The cultural assumption that needs examining

The belief that phone calls are the more genuine or more intimate form of communication is widespread and mostly unexamined. It rests on an implicit equation: more spontaneous equals more authentic, and real-time performance equals real connection.

Neither half of this equation holds under scrutiny. Spontaneity is not the same thing as honesty. The unguarded remark delivered quickly is not necessarily more truthful than the considered response delivered after reflection. Speed and quality of thinking are not the same variable, and for many people they run in opposite directions: the faster the expected response, the more the output reflects habit, anxiety, and performance rather than what the person actually thinks.
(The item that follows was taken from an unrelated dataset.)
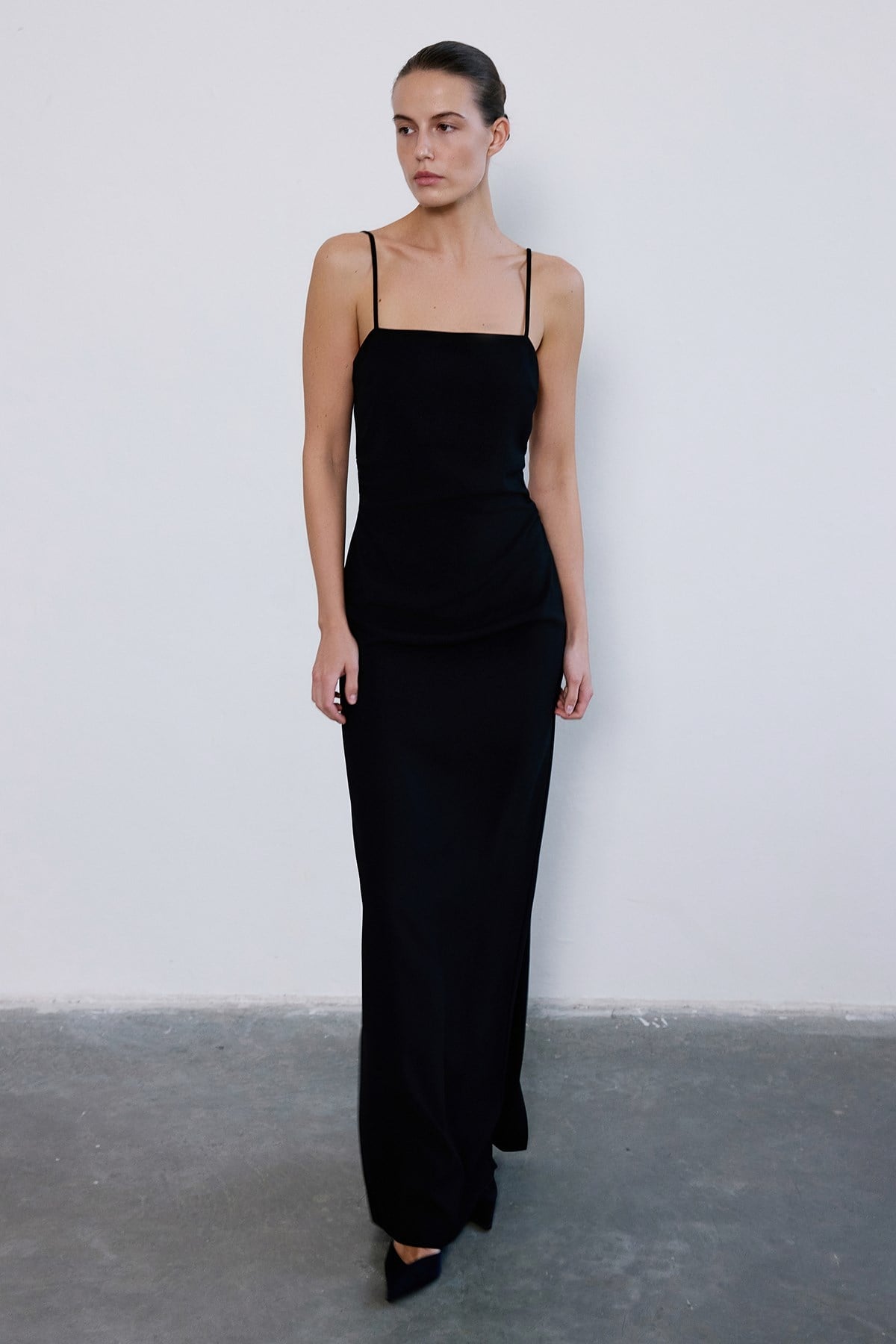 Strapless Slit Long Coral Dress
What the phone call preference really encodes, for most of its advocates, is a style of processing that is native to extroverts and has been elevated to a cultural norm. Extroverts think out loud. They process through speech, in real time, and the social context of the call is not a cost but a feature — it helps them arrive at what they think by talking through it with another person. For them, the format and the thinking are genuinely aligned.

The introvert often thinks through writing. The thinking happens in the pause before the message, not during a live exchange. The considered text isn’t the sanitized version of the spontaneous call. For many people it is the unfiltered one — the version that has actually passed through their full cognitive process rather than being produced under time pressure before that process could complete.

The antisocial accusation

The charge that comes up most often is not really about cognitive style. It’s about warmth and willingness. The person who prefers text gets accused, implicitly or explicitly, of not wanting to connect — of using the format to stay at arm’s length, to avoid the vulnerability of being heard in real time, to manage intimacy from a safe distance.
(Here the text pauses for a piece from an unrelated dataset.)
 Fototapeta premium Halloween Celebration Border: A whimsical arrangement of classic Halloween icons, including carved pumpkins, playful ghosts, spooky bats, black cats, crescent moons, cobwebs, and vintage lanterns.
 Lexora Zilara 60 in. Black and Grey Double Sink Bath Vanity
For some people, in some situations, this is accurate. Avoidance and preference are not the same thing but they can overlap, and the line between protecting cognitive quality and avoiding emotional risk isn’t always clear, including to the person on one side of it.

But the blanket version of this accusation — that text is inherently less connected than voice — doesn’t hold. Some of the most honest communication a person produces happens in writing, precisely because the removal of the real-time performance demand creates space for truth that urgency forecloses. The message that took twenty minutes to compose and still doesn’t quite say it right often represents more genuine effort toward connection than the phone call that ran an hour without either party saying anything they couldn’t have predicted they’d say.

The format shapes the thinking. Not everyone’s thinking is shaped the same way by the same format. The person who prefers to text isn’t opting out of real communication. In most cases, they’re opting for the one that works.